◆ Exercise objective ◆
Would you transcribe the records below from the line with "Thumbnail 3 in" to the line with "Leather Wrist Band 890", ends included, exactly and with nothing more, leaving the pictures out?

◆ Listed records ◆
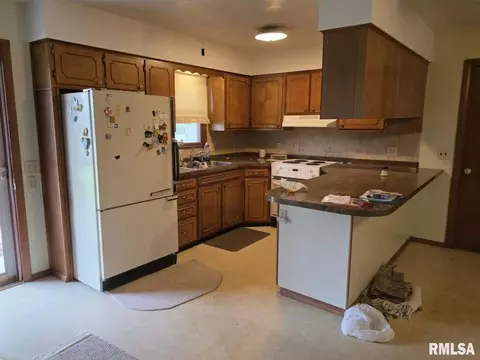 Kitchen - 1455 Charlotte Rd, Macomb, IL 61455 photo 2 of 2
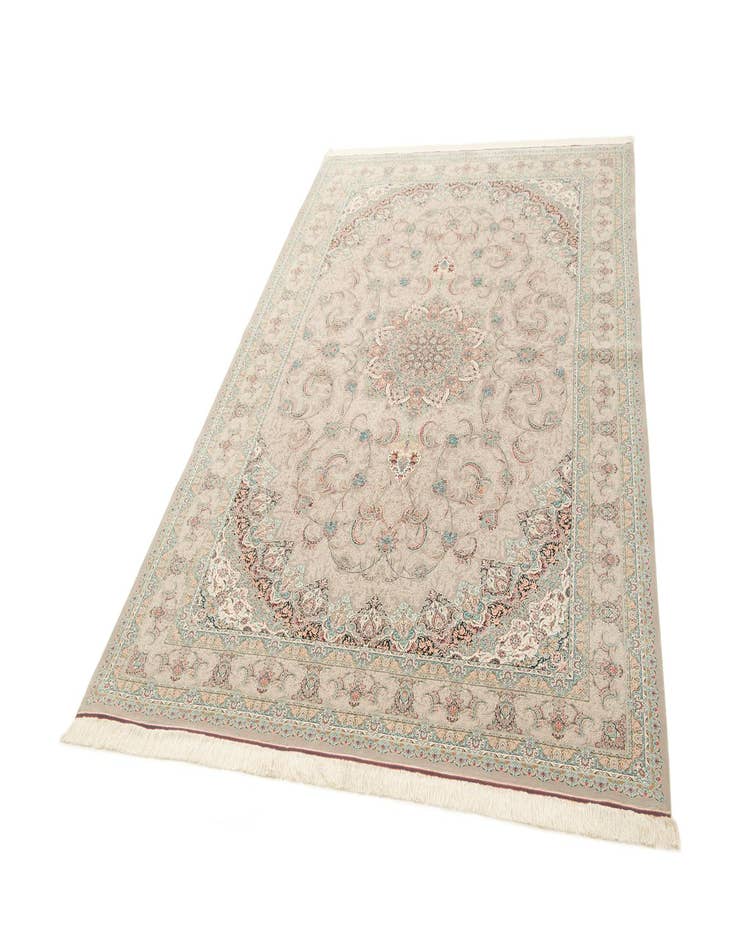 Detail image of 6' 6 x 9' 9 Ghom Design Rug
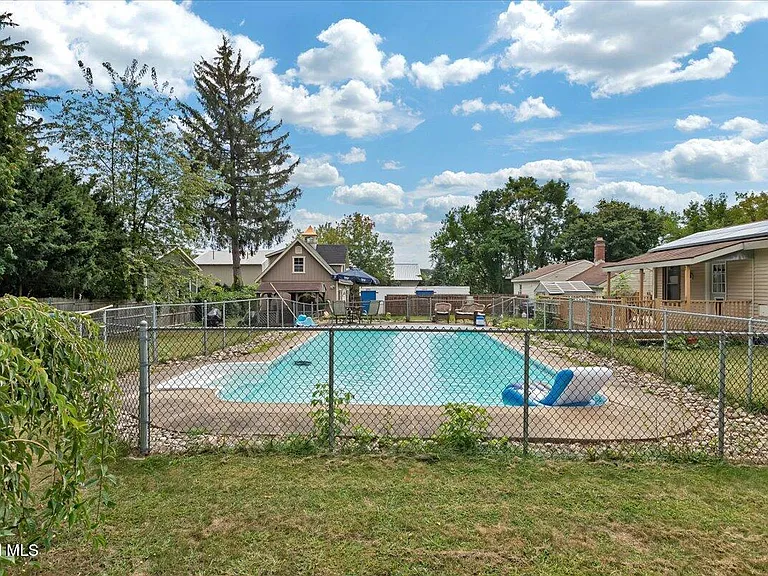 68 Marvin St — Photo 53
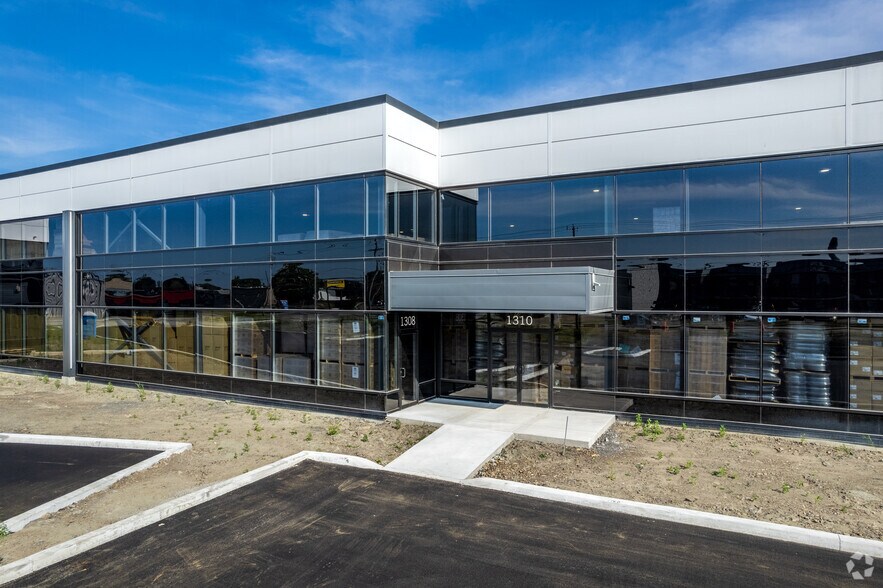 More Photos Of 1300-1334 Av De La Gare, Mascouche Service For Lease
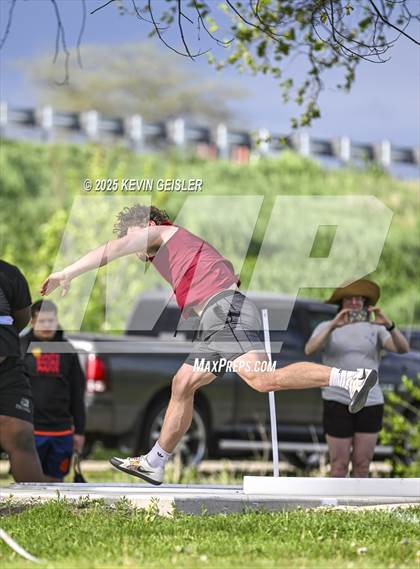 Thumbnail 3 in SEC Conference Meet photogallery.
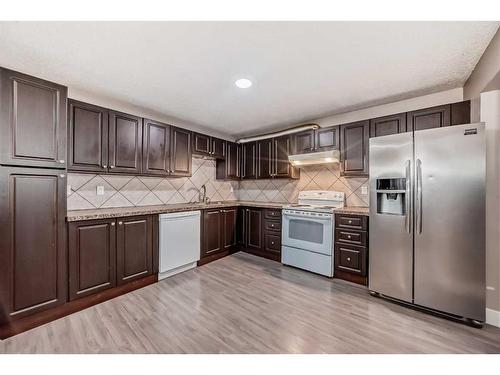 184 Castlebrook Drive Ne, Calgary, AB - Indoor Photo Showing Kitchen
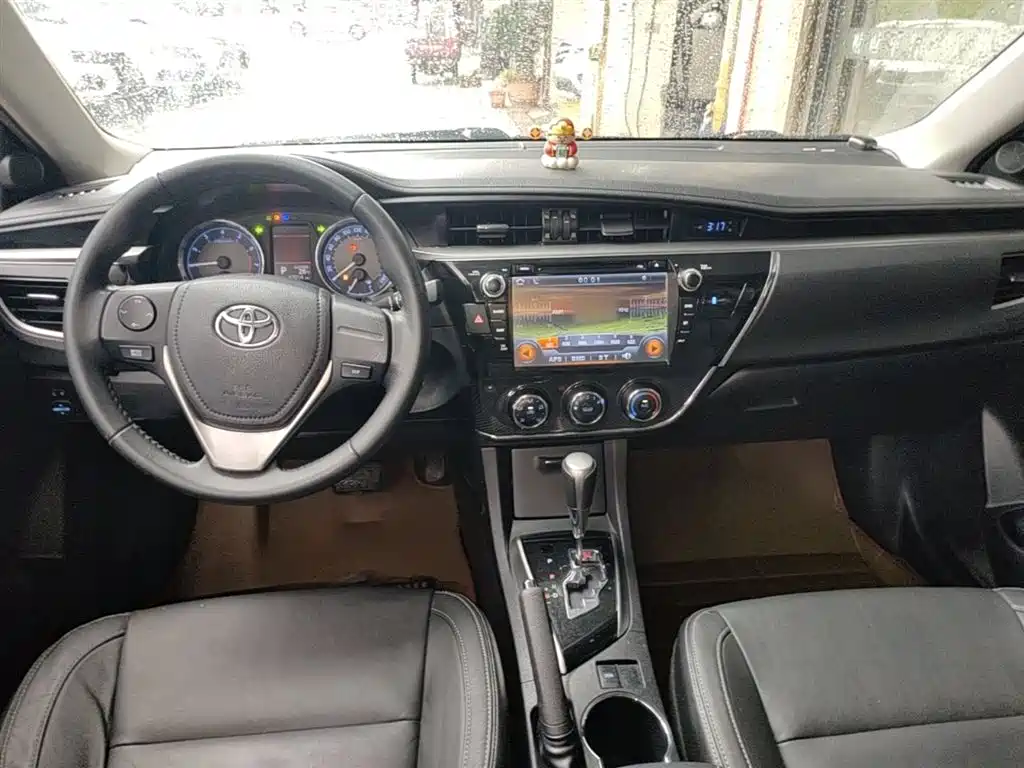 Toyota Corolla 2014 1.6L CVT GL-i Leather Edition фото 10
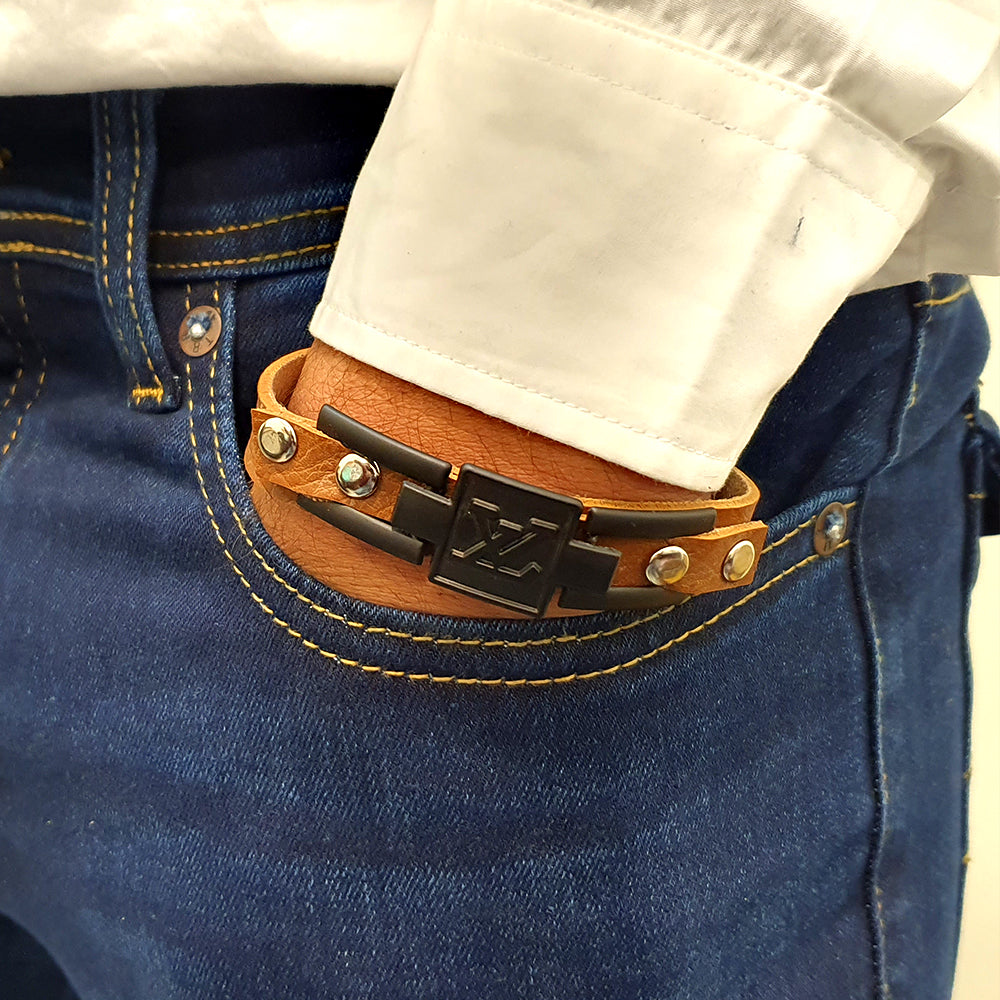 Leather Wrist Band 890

---

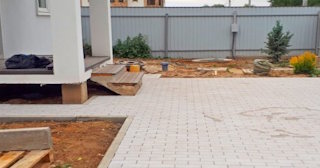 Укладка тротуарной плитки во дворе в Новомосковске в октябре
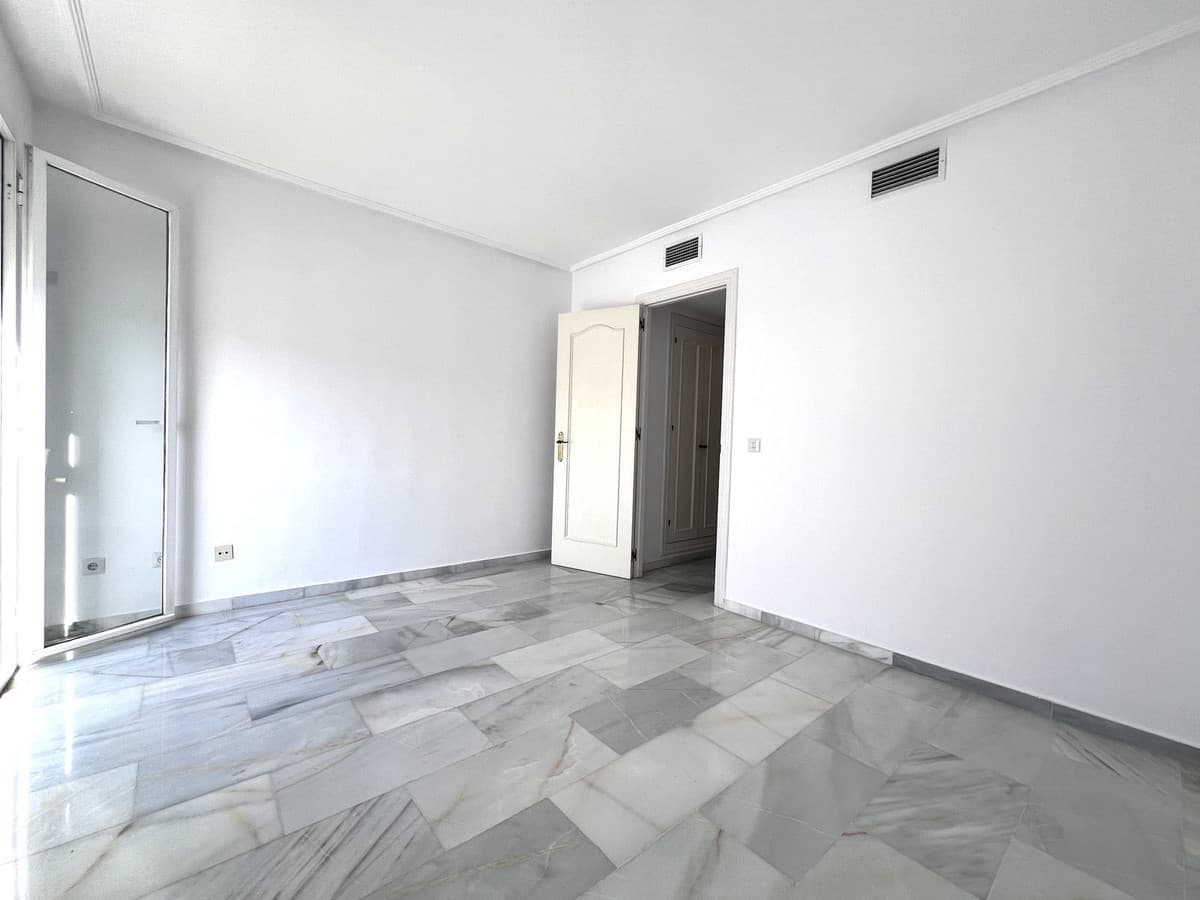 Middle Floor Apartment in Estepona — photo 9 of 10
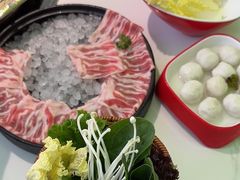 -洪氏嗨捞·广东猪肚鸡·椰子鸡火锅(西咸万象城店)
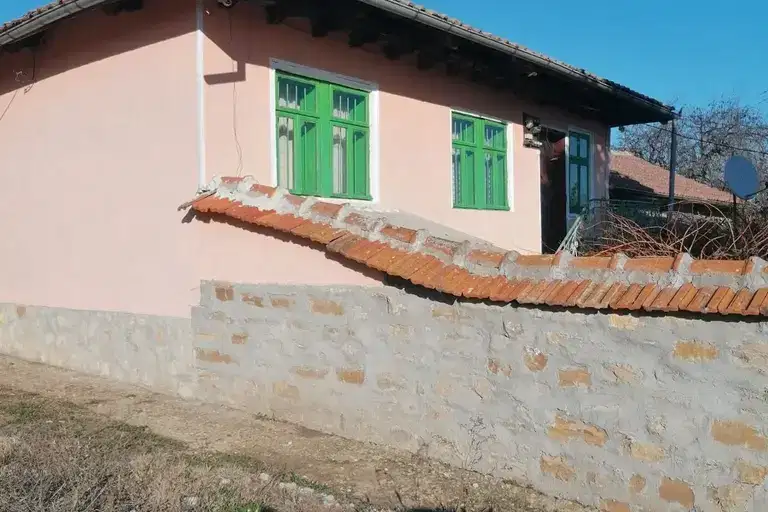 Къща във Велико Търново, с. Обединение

* * *

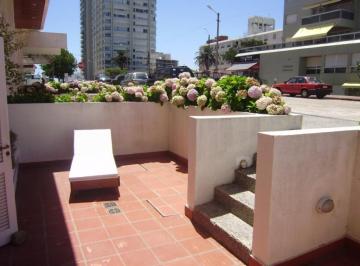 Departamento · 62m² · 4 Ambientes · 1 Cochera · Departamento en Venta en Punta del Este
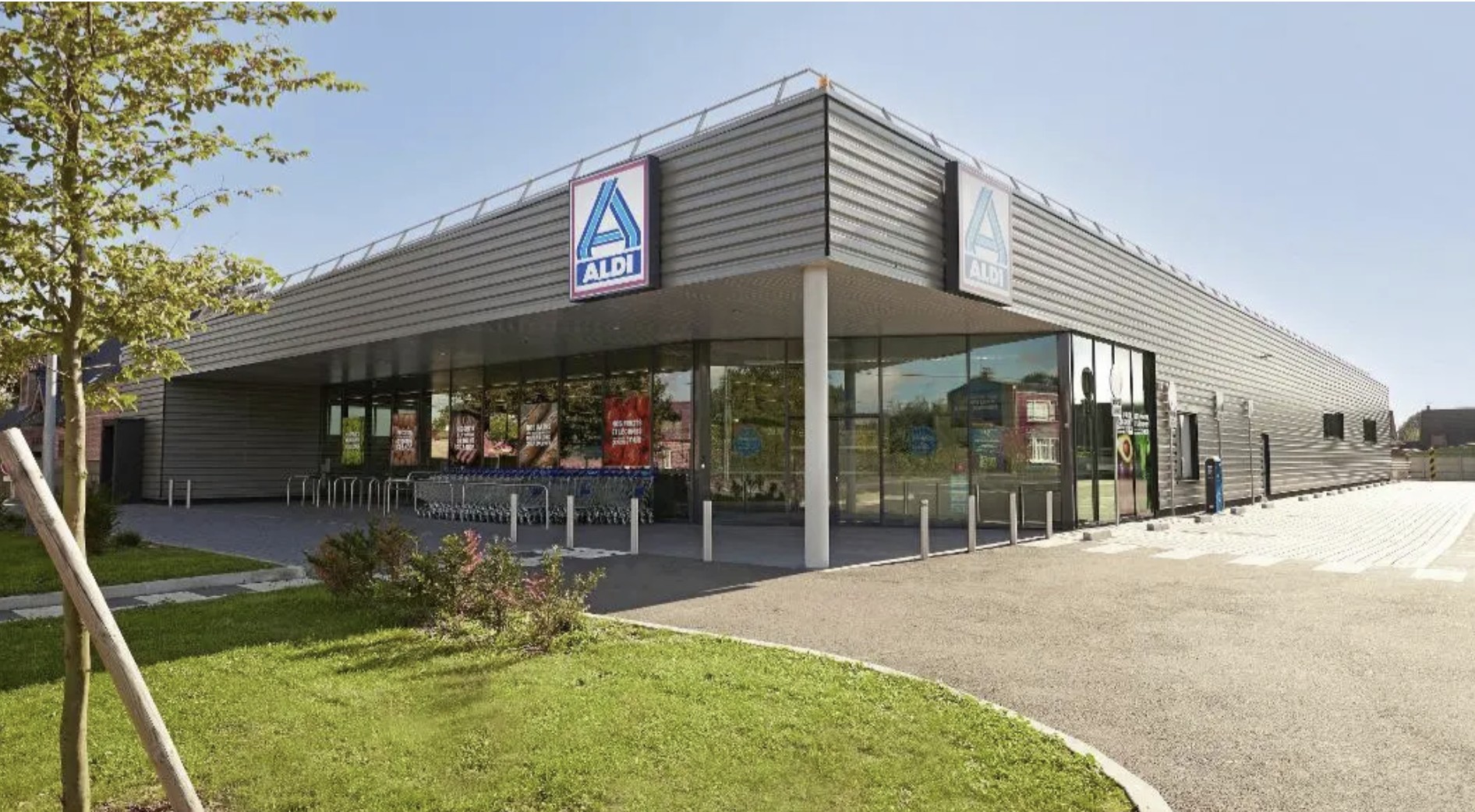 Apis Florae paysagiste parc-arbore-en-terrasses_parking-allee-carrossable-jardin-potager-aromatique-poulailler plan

◆ Solved exercise ◆
 Thumbnail 3 in SEC Conference Meet photogallery.
 184 Castlebrook Drive Ne, Calgary, AB - Indoor Photo Showing Kitchen
 Toyota Corolla 2014 1.6L CVT GL-i Leather Edition фото 10
 Leather Wrist Band 890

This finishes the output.